Would you transcribe the listing exactly as it stands, minus any images?

Data extract:

--------------------------------------------------

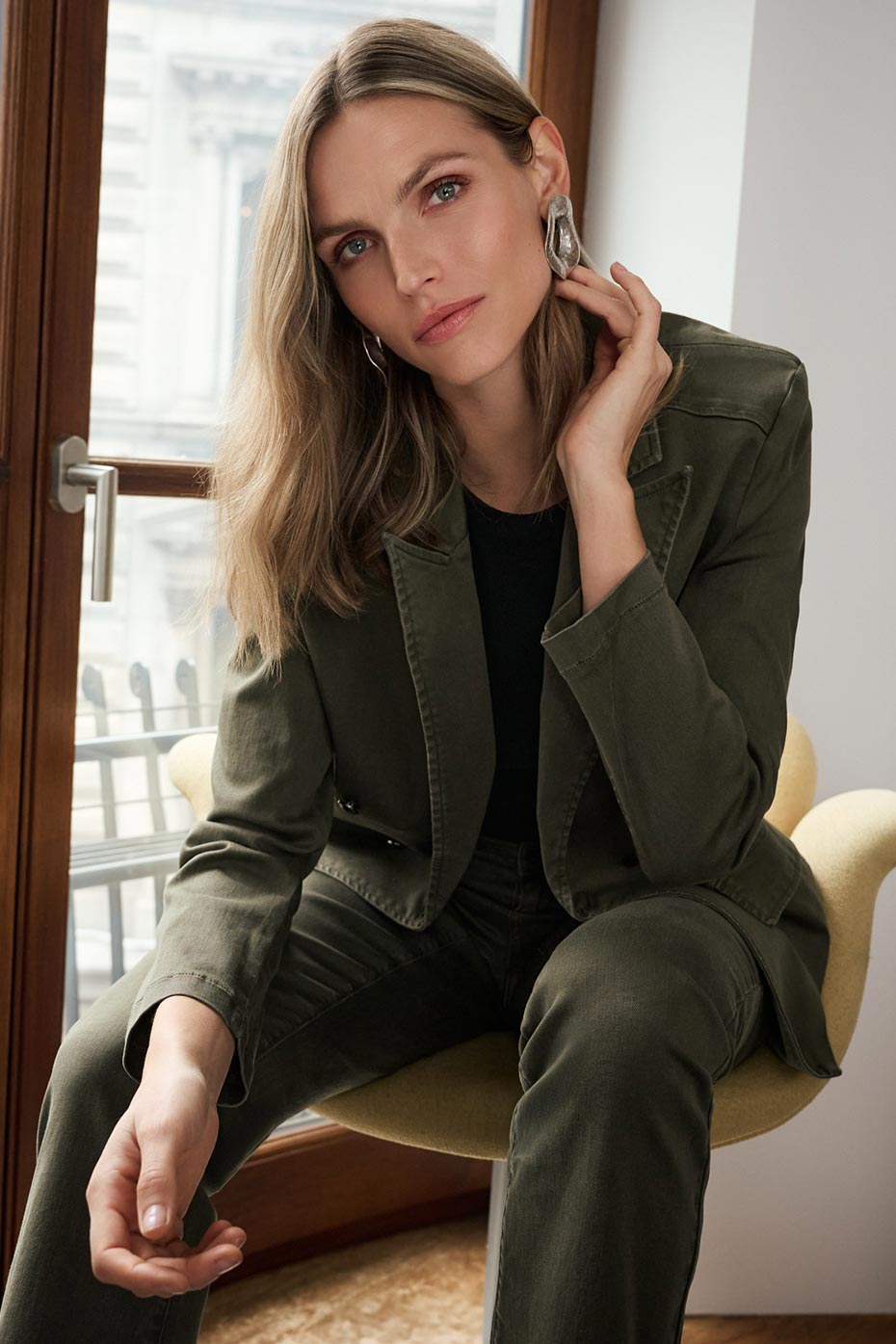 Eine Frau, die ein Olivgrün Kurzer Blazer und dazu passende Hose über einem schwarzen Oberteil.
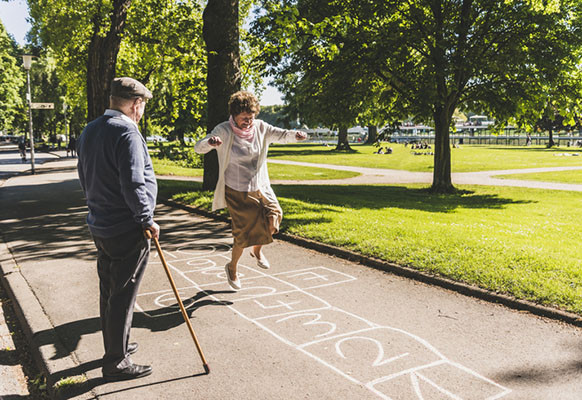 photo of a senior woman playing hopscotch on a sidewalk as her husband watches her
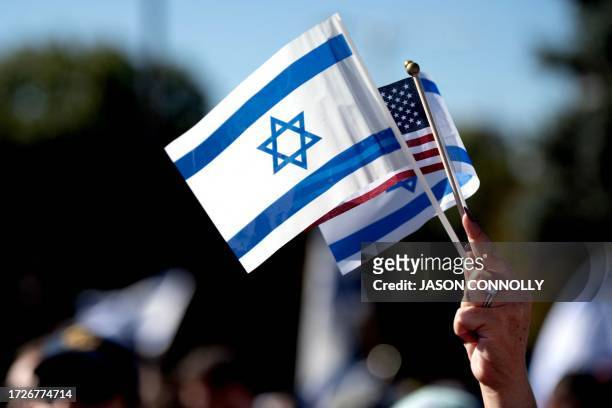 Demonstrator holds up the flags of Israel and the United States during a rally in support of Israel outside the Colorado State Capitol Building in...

--------------------------------------------------

Solution:
 Eine Frau, die ein Olivgrün Kurzer Blazer und dazu passende Hose über einem schwarzen Oberteil.
 photo of a senior woman playing hopscotch on a sidewalk as her husband watches her
 Demonstrator holds up the flags of Israel and the United States during a rally in support of Israel outside the Colorado State Capitol Building in...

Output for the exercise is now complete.